The police use serial killer Uragami to identify parasites among humans, as he has a special ability to detect them; however, he is unable to correctly identify Shinichi Izumi. A few months after the events of the previous film, Shinichi continues to track down and kill the parasites who terrorize the human world for food, with help from Migi, the parasite that infects his right hand. He learns that he is being tracked by Shiro Kuramori, a reporter hired by parasite Ryoko Tamiya. Shiro discovers the truth about Migi, and plans to expose Shinichi. Shinichi tells Shiro that Tamiya is a parasite, and urges him to stop getting involved for the sake of his safety. Tamiya meanwhile, has given birth to her human son and slowly learns how to become a mother, growing furiously protective of her baby and killing her fellow parasites when they threaten him.
Despite Shinichi's warning, Kuramori goes on to record his conversation with mayor Takeshi Hirokawa, who secretly heads an organization composed of parasites. Hirokawa orders the parasites to kill Kuramori, but they are only successful in killing his daughter. Swearing revenge, Kuramori kidnaps Tamiya's son and calls her to a park so she can see him kill the baby. Despite Tamiya and Shinichi's attempts to convince him otherwise, Kuramori almost goes through with his plan, resulting in his death at Tamiya's hands. When Tamiya then approaches Shinichi, the police fatally shoot her. Instead of defending herself, Tamiya protects her child, explaining to Shinichi that she now knows what it is to be human. She hands her son over to Shinichi before dying, reminding Shinichi of his own mother.

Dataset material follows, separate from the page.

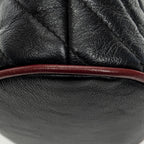 Gucci GG Marmont Torchon Bucket Bag Black Matelasse Calfskin — view 7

At the same time, a secret service team evacuates the town hall upon discovering Hirokawa's true alignment. They are able to kill nearly all of the parasites as well as Hirokawa himself, who turns out to be a human who supports parasites and distrusts humans. The remaining parasite, Goto, turns out to be too powerful for the team, as his body contains five parasites. He massacres the team and begins his pursuit of Shinichi. Cornered at a forest, Migi sacrifices himself to allow Shinichi to escape.

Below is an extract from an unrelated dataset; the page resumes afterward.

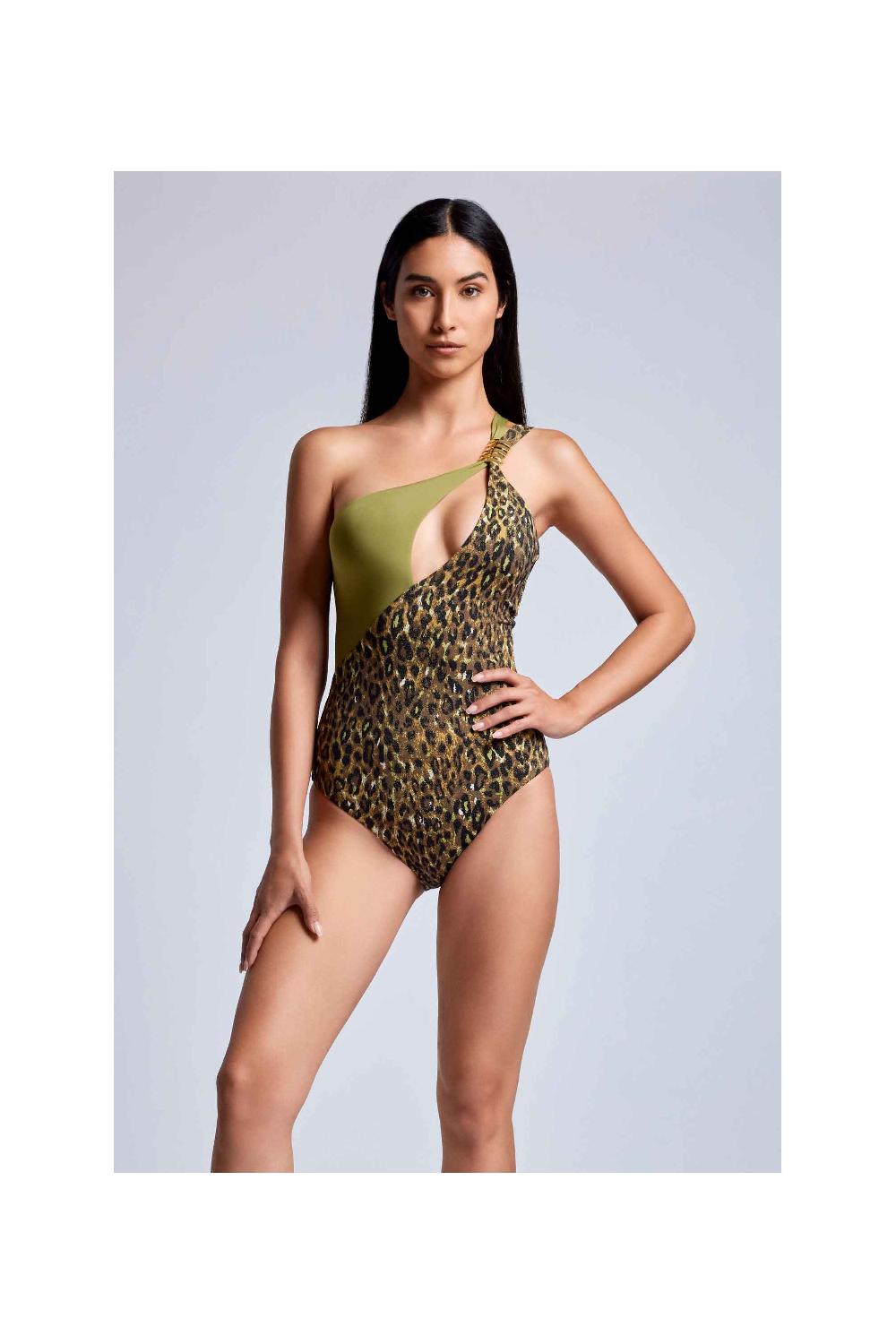 Vacanze Italiane Costume intero monospalla Olivia Fino Al -60%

Shinichi mourns Migi and is comforted by his girlfriend, Satomi Murano. The next morning, Shinichi discovers that a part of Migi is still in his right hand, thanks to his body being infected with Migi's cells in the previous film. He lures Goto to a disposal facility and is able to fatally injure him. At first reluctant in killing him, Shinichi ultimately decides that he wants to protect his loved ones, and finishes Goto off. Back home, Migi tells a dismayed Shinichi that since the parasites have died down, he will now go into hibernation to achieve an evolution, presumably up to the point where the two will never see each other again, breaking Shinichi's heart.

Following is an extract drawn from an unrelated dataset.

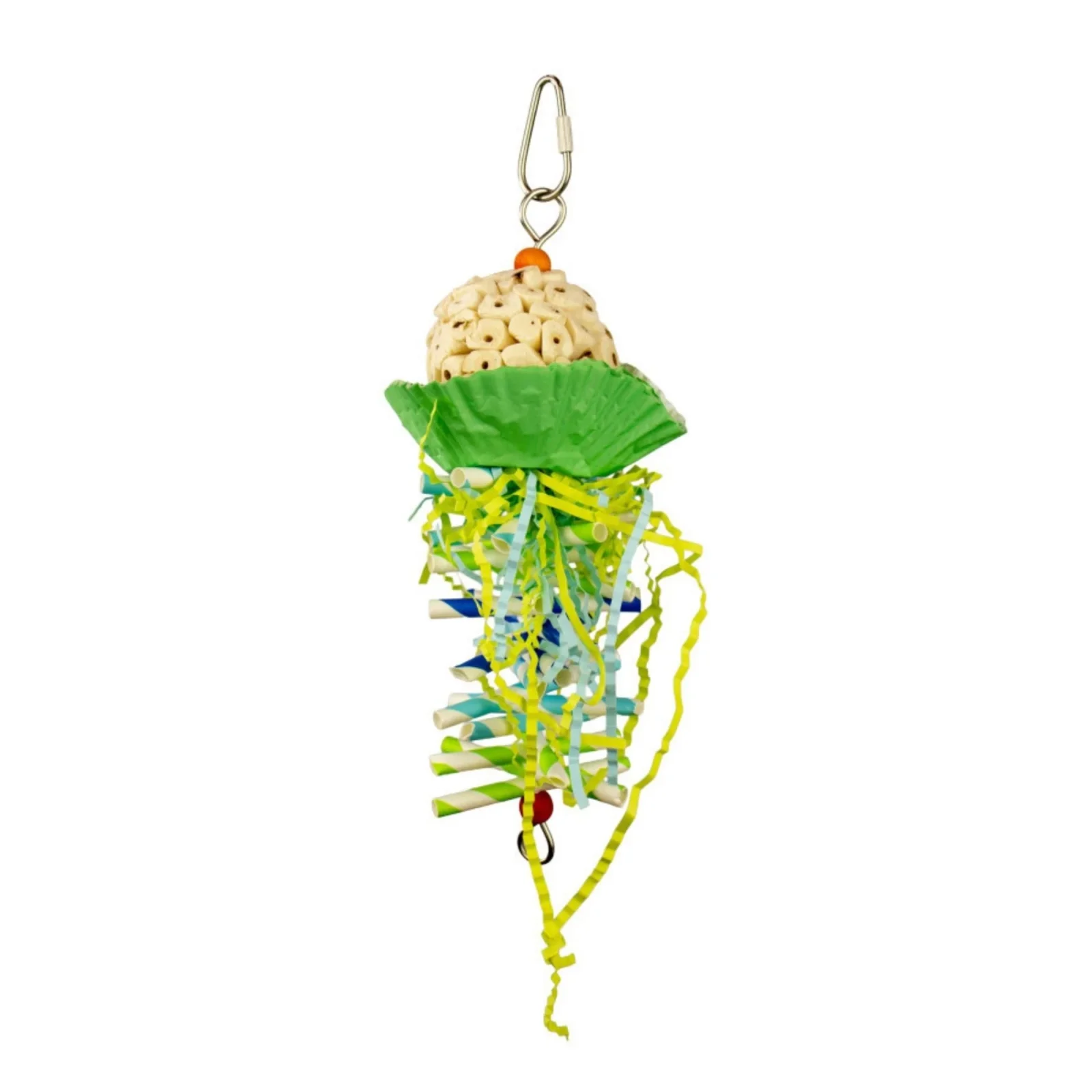 A&E Happy Beaks Peckable Pastry Sola Bird Toy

A few years later, Shinichi and Satomi visit the now toddler son of Tamiya, who is named Taiki Tamiya. Afterward, Uragami appears, kidnaps Satomi, and takes her to a roof. He states his belief that humans are the real monsters and asks for Shinichi's opinion, since he is certain that Shinichi is a parasite. However, with Satomi's encouragement, Shinichi defies Uragami's opinion and successfully saves Satomi with help from Migi, who had momentarily awakened from his dormant state to help him.Shota Sometani as Shinichi Izumi
Eri Fukatsu as Ryoko Tamiya
Sadao Abe as Migi
Ai Hashimoto as Satomi Murano
Hirofumi Arai as Uragami
Pierre Taki as Miki
Takashi Yamanaka as Tsuji (辻)
Hideto Iwai as Kusano
Nao Ōmori as Shiro Kuramori
Kōsuke Toyohara as Yamagishi
Kazuki Kitamura as Takeshi Hirokawa
Jun Kunimura as Hirama
Tadanobu Asano as Goto
Edmund Lee of South China Morning Post gave the film 2 and a half stars out of 5. Elizabeth Kerr of The Hollywood Reporter described it as "a prime example of filmmakers, production houses and distributors hoping to squeeze one more box office hit out of their source material that doesn't always demand it, the net result being a struggle for content". James Marsh of Twitch Film felt that "[the] sci-fi, horror and adventure elements of the story are all sidelined here, and the result is a fairly underwhelming experience, albeit one retaining glimpses of scattered promise and invention left largely unrealised." Mark Schilling of The Japan Times said, "the message is that humans and parasites are both living products of the same indifferent universe, facing many of the same survival problems, if not solving them the same way."